# [RECORDS]
- - - -
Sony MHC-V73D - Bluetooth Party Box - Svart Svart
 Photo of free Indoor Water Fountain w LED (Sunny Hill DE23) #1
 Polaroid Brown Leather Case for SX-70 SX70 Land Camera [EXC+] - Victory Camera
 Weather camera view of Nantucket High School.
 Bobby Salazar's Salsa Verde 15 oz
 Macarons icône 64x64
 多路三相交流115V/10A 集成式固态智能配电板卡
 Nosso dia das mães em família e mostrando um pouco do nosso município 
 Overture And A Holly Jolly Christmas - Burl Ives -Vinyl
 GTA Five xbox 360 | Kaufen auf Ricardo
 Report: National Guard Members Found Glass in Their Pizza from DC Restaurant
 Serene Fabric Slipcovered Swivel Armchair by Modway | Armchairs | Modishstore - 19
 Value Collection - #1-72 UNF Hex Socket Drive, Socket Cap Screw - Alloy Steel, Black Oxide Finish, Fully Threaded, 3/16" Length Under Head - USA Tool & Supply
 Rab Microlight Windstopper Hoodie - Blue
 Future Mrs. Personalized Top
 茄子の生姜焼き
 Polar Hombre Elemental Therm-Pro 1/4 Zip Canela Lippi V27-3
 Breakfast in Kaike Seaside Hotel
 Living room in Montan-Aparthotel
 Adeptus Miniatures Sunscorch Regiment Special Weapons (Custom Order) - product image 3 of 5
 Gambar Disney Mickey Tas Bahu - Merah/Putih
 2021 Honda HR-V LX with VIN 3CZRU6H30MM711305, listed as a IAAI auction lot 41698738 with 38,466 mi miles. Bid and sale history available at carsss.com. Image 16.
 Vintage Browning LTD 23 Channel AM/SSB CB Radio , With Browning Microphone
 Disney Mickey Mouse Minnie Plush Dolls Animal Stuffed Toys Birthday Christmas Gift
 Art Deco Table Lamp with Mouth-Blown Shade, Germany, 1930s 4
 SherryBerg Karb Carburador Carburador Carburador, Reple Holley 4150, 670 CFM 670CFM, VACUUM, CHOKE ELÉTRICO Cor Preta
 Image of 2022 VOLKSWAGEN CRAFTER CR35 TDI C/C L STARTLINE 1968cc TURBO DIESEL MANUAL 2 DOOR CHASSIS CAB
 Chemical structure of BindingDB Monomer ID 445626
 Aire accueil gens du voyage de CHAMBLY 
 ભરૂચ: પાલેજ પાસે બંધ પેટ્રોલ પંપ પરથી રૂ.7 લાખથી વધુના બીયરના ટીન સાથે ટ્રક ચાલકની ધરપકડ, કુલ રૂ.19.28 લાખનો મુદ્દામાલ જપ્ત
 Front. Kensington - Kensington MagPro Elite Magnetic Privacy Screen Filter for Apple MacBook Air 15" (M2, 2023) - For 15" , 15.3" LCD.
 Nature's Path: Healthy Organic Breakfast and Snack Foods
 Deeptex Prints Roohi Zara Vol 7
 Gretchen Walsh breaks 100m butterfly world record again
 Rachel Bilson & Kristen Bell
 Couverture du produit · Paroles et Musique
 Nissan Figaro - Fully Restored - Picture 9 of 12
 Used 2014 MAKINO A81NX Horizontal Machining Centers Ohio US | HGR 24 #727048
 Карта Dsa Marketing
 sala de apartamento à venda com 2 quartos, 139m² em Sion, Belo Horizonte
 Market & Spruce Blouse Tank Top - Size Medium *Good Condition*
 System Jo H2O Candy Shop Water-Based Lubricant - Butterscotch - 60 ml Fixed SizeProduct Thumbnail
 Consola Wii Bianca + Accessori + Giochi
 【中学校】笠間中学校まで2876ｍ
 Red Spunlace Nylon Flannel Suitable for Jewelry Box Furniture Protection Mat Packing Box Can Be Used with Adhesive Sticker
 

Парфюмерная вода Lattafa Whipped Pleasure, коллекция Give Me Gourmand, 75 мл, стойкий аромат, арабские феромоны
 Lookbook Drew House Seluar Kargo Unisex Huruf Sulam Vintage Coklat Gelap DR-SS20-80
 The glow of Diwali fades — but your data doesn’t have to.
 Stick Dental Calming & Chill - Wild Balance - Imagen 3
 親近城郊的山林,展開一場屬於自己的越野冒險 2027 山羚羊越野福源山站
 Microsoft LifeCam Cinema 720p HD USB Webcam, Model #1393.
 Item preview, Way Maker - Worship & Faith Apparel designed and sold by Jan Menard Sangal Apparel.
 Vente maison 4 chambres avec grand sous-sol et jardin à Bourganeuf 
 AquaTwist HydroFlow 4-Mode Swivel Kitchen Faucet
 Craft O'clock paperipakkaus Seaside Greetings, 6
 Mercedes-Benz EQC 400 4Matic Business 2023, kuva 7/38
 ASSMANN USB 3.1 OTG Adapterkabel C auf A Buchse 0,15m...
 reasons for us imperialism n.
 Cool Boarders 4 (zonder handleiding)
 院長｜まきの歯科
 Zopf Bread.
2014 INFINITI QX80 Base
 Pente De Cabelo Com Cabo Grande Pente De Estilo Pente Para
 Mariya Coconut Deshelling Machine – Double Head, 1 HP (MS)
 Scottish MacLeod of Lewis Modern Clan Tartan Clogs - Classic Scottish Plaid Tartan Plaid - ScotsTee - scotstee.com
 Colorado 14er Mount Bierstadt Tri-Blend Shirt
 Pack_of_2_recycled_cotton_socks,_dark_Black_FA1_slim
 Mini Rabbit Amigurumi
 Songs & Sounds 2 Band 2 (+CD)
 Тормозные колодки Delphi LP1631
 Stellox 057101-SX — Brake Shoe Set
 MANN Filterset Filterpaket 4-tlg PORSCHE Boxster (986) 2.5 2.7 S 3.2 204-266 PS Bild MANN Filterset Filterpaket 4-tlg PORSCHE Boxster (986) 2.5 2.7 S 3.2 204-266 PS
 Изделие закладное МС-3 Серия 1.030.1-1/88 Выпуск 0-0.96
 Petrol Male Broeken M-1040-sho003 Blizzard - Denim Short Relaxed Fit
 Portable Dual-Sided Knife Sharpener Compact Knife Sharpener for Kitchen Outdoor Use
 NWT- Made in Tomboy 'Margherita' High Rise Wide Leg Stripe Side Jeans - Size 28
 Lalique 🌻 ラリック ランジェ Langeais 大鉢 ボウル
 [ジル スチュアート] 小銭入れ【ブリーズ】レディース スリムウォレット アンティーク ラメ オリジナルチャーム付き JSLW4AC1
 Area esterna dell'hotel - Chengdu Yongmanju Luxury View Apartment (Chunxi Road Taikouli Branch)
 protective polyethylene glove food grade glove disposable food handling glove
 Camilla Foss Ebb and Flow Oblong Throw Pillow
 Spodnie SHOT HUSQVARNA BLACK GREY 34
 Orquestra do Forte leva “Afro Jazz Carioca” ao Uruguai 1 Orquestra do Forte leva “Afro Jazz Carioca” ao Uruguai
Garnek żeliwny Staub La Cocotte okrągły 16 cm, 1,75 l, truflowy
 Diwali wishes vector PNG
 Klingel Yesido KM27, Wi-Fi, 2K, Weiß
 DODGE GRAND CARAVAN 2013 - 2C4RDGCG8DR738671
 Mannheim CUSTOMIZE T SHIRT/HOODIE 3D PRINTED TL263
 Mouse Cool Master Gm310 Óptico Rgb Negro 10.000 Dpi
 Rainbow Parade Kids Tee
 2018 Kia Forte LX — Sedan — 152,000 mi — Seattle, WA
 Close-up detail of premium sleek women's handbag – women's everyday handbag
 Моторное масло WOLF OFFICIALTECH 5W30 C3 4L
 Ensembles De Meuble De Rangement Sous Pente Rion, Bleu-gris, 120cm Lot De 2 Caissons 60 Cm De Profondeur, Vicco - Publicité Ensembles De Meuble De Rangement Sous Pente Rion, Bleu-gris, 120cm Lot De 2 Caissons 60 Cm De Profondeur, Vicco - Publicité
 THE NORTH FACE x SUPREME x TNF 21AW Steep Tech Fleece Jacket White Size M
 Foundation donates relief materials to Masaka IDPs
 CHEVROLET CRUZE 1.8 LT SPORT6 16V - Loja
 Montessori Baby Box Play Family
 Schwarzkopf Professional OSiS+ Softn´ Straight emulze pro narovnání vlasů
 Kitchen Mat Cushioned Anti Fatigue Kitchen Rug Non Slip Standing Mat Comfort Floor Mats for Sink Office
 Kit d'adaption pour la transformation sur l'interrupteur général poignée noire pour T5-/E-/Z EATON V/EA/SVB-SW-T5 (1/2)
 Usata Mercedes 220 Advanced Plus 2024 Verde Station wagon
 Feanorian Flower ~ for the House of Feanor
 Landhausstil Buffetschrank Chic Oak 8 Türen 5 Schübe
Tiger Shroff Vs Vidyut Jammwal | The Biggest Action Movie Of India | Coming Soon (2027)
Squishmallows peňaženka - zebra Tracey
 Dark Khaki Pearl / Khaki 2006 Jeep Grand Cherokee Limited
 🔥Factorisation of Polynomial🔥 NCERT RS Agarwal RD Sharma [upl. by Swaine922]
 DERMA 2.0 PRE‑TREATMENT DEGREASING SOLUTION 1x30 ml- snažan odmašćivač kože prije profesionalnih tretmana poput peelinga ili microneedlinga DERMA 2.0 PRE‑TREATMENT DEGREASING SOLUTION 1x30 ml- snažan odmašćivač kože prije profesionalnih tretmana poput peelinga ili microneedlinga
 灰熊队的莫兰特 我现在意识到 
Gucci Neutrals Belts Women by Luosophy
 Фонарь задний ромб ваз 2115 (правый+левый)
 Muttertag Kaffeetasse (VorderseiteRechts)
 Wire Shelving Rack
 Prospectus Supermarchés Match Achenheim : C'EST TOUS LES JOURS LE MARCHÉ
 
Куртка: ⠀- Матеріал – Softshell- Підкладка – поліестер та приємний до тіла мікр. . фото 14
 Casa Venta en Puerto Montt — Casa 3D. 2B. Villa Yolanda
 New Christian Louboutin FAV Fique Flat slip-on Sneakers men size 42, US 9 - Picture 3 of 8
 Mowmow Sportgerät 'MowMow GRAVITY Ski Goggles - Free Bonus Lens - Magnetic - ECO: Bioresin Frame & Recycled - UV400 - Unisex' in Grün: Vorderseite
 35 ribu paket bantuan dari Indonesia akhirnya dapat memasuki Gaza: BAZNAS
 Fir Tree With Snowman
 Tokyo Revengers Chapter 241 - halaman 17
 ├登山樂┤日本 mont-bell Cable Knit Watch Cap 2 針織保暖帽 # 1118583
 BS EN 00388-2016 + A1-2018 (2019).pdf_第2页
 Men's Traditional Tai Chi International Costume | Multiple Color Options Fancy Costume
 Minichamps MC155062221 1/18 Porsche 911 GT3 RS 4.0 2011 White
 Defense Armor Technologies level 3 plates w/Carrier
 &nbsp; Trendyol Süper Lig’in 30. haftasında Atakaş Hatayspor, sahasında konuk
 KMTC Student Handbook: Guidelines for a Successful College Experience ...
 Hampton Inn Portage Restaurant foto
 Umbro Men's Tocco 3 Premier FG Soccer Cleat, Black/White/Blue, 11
- - - -
Every line from the line containing "Моторное масло WOLF OFFICIALTECH 5W30 C3 4L" through the line containing "Prospectus Supermarchés Match" in the records above must be retyped exactly. Leave out the rest.

# [ANSWER SPACE]
 Моторное масло WOLF OFFICIALTECH 5W30 C3 4L
 Ensembles De Meuble De Rangement Sous Pente Rion, Bleu-gris, 120cm Lot De 2 Caissons 60 Cm De Profondeur, Vicco - Publicité Ensembles De Meuble De Rangement Sous Pente Rion, Bleu-gris, 120cm Lot De 2 Caissons 60 Cm De Profondeur, Vicco - Publicité
 THE NORTH FACE x SUPREME x TNF 21AW Steep Tech Fleece Jacket White Size M
 Foundation donates relief materials to Masaka IDPs
 CHEVROLET CRUZE 1.8 LT SPORT6 16V - Loja
 Montessori Baby Box Play Family
 Schwarzkopf Professional OSiS+ Softn´ Straight emulze pro narovnání vlasů
 Kitchen Mat Cushioned Anti Fatigue Kitchen Rug Non Slip Standing Mat Comfort Floor Mats for Sink Office
 Kit d'adaption pour la transformation sur l'interrupteur général poignée noire pour T5-/E-/Z EATON V/EA/SVB-SW-T5 (1/2)
 Usata Mercedes 220 Advanced Plus 2024 Verde Station wagon
 Feanorian Flower ~ for the House of Feanor
 Landhausstil Buffetschrank Chic Oak 8 Türen 5 Schübe
Tiger Shroff Vs Vidyut Jammwal | The Biggest Action Movie Of India | Coming Soon (2027)
Squishmallows peňaženka - zebra Tracey
 Dark Khaki Pearl / Khaki 2006 Jeep Grand Cherokee Limited
 🔥Factorisation of Polynomial🔥 NCERT RS Agarwal RD Sharma [upl. by Swaine922]
 DERMA 2.0 PRE‑TREATMENT DEGREASING SOLUTION 1x30 ml- snažan odmašćivač kože prije profesionalnih tretmana poput peelinga ili microneedlinga DERMA 2.0 PRE‑TREATMENT DEGREASING SOLUTION 1x30 ml- snažan odmašćivač kože prije profesionalnih tretmana poput peelinga ili microneedlinga
 灰熊队的莫兰特 我现在意识到 
Gucci Neutrals Belts Women by Luosophy
 Фонарь задний ромб ваз 2115 (правый+левый)
 Muttertag Kaffeetasse (VorderseiteRechts)
 Wire Shelving Rack
 Prospectus Supermarchés Match Achenheim : C'EST TOUS LES JOURS LE MARCHÉ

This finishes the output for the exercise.